**Task objective:**
Everything from the line with "Olivgrön trenchcoat över" to the line with "Harwich Cape Cod" in the listing below, both lines included, needs to be copied exactly, apart from the pictures.

**The input:**

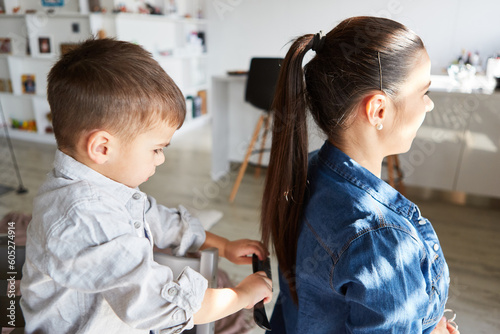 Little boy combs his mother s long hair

* * *

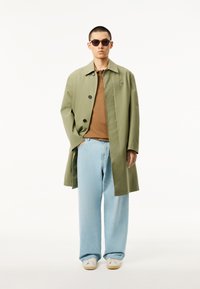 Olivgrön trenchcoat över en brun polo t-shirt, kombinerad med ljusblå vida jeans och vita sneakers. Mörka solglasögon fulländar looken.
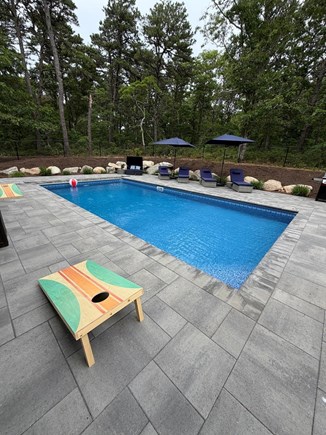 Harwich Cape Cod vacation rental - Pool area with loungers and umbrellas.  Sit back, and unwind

...

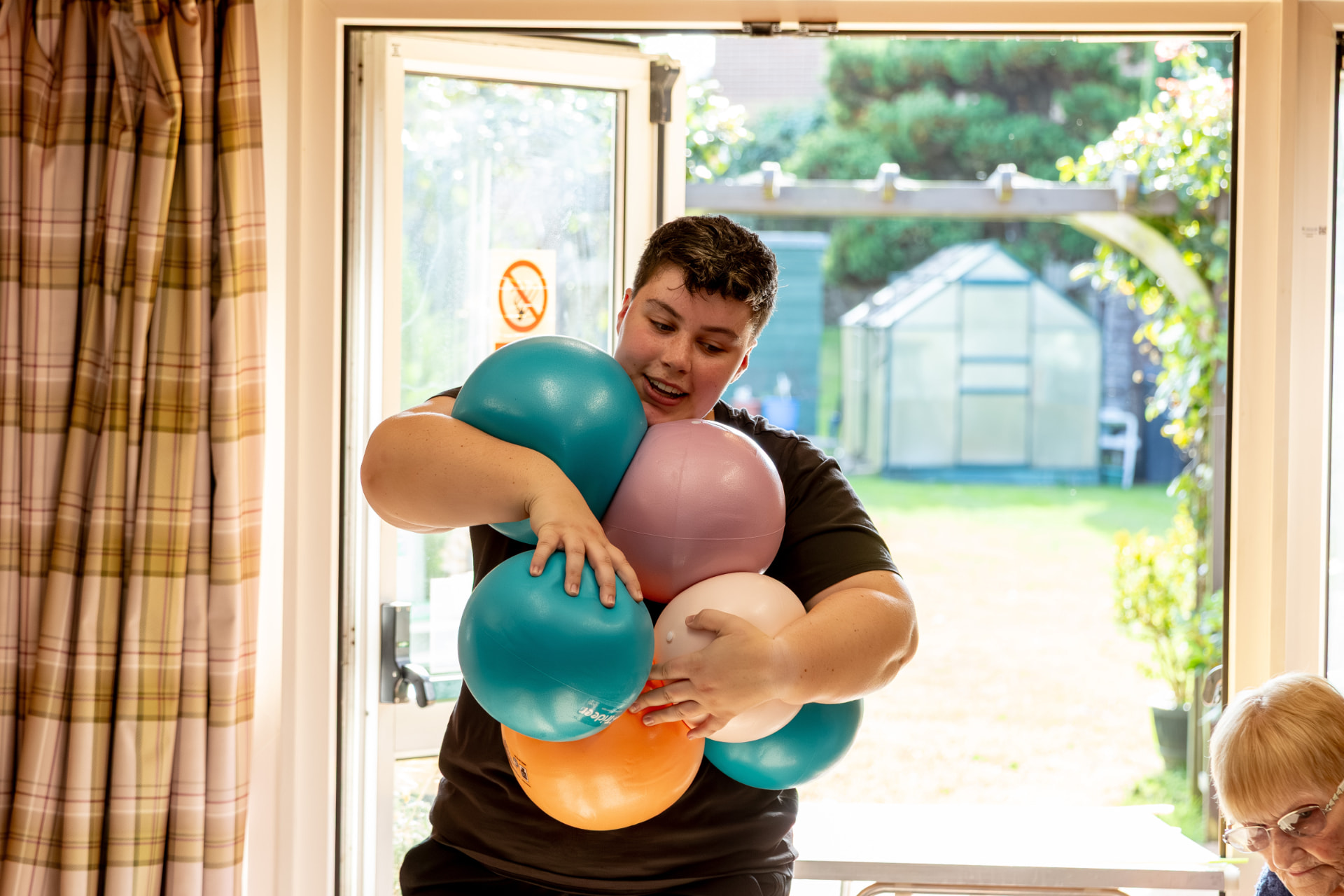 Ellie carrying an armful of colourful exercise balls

**Answer to this problem:**
 Olivgrön trenchcoat över en brun polo t-shirt, kombinerad med ljusblå vida jeans och vita sneakers. Mörka solglasögon fulländar looken.
 Harwich Cape Cod vacation rental - Pool area with loungers and umbrellas.  Sit back, and unwind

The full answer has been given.